CalcFlow uses four test levels, each targeting a distinct layer of complexity: pure logic, parser contracts, component integration, and numerical regression.

The Four Levels

Marker Scope Speed Asserts
unit Single function or method <1 ms Correctness of pure logic
contract Single BlockParser + minimal fixture <10 ms Data structure (not precision)
integration Multiple components, real output files 10–500 ms Functional correctness
regression Same scope as integration Slow Exact numerical values

Unit tests

Test individual functions in isolation. No file I/O, no parsers, no external state.
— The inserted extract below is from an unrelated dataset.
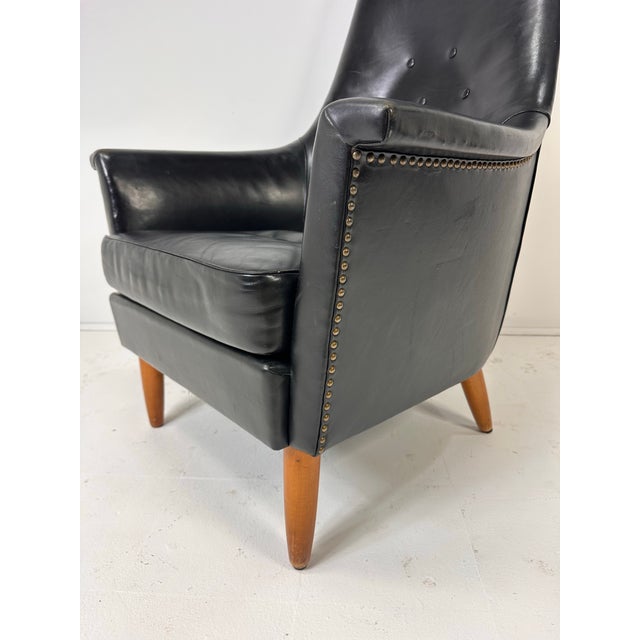 1960s Mid-Century Scandinavian Modern Black Leather High-Back Lounge Chair For Sale - Image 5 of 8
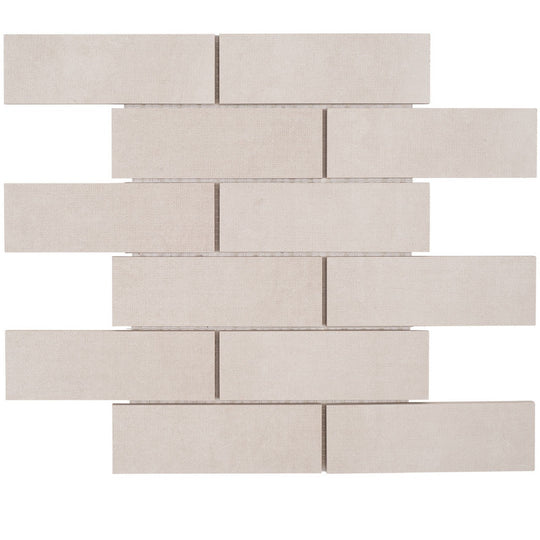 Tesoro 12" x 12" Fusion Fabric Pressed Matte Staggered Porcelain Mosaic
Input and expected output are constructed inline.

@pytest.mark.unit
def test_atom_validates_symbol():
    from calcflow.common.models import Atom
    with pytest.raises(ValueError):
        Atom(symbol="Xx", x=0.0, y=0.0, z=0.0)

Contract tests

Verify that a BlockParser produces the correct data structure from a minimal fixture. The fixture is the smallest possible snippet of output text that exercises the parser — not a real output file.

MULLIKEN_FIXTURE = """\
 Mulliken charges:
               1
     1  O   -0.8476
     2  H    0.4238
     3  H    0.4238
 Sum of Mulliken charges =   0.00000
"""

@pytest.mark.contract
def test_mulliken_charges_parsed():
    result = parse_qchem_output(MULLIKEN_FIXTURE)
    mulliken = result.get_charges("Mulliken")
    assert mulliken is not None
    assert len(mulliken.charges) == 3
    assert isinstance(mulliken.charges[0], float)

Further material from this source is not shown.